Task details. Pictures are to be left out. Return exactly the lines below from the one with "map of restaurants, bars, coffee" up to and including the one with "Sandals Shoes Pumps".

Given entries.

=== Section Start ===

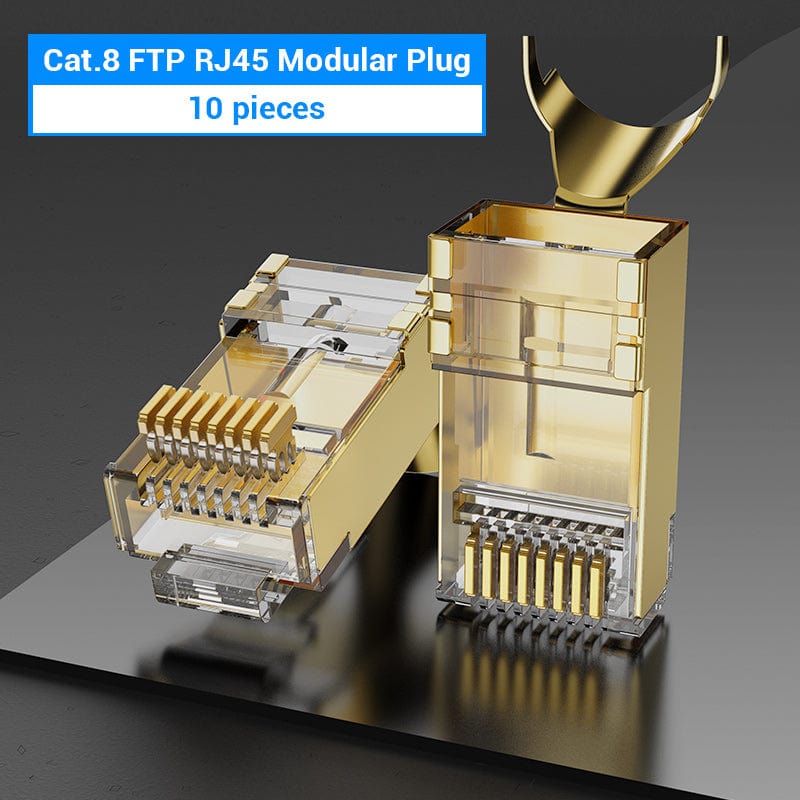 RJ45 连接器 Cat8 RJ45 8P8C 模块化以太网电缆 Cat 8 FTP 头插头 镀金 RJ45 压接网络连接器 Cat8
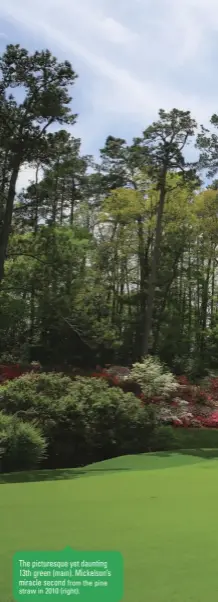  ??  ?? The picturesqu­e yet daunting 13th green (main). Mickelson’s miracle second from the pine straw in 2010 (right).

=== Section End ===
=== Section Start ===

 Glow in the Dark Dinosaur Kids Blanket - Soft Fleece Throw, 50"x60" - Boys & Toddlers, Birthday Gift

=== Section End ===
=== Section Start ===

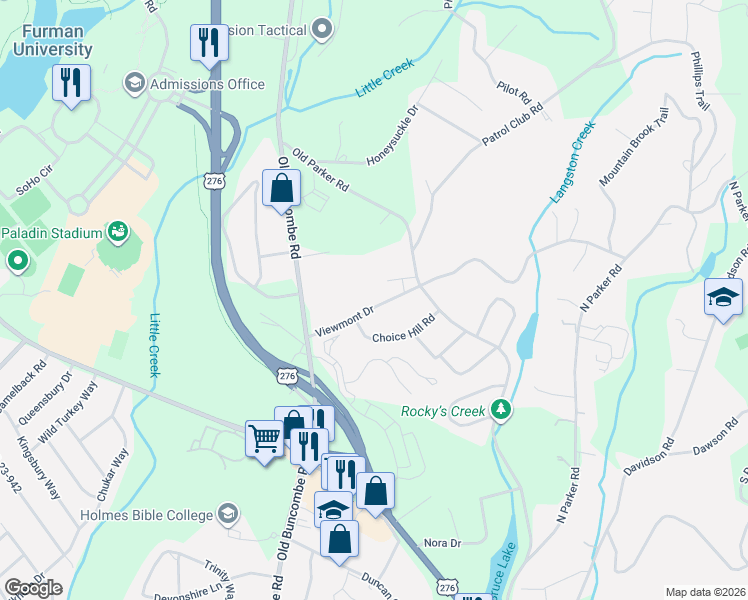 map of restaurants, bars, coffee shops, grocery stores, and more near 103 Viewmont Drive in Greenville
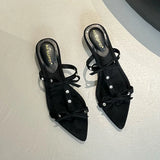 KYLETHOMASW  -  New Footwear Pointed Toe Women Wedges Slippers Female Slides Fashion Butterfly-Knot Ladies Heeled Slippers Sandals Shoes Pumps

=== Section End ===

Task solution.
 map of restaurants, bars, coffee shops, grocery stores, and more near 103 Viewmont Drive in Greenville
 KYLETHOMASW  -  New Footwear Pointed Toe Women Wedges Slippers Female Slides Fashion Butterfly-Knot Ladies Heeled Slippers Sandals Shoes Pumps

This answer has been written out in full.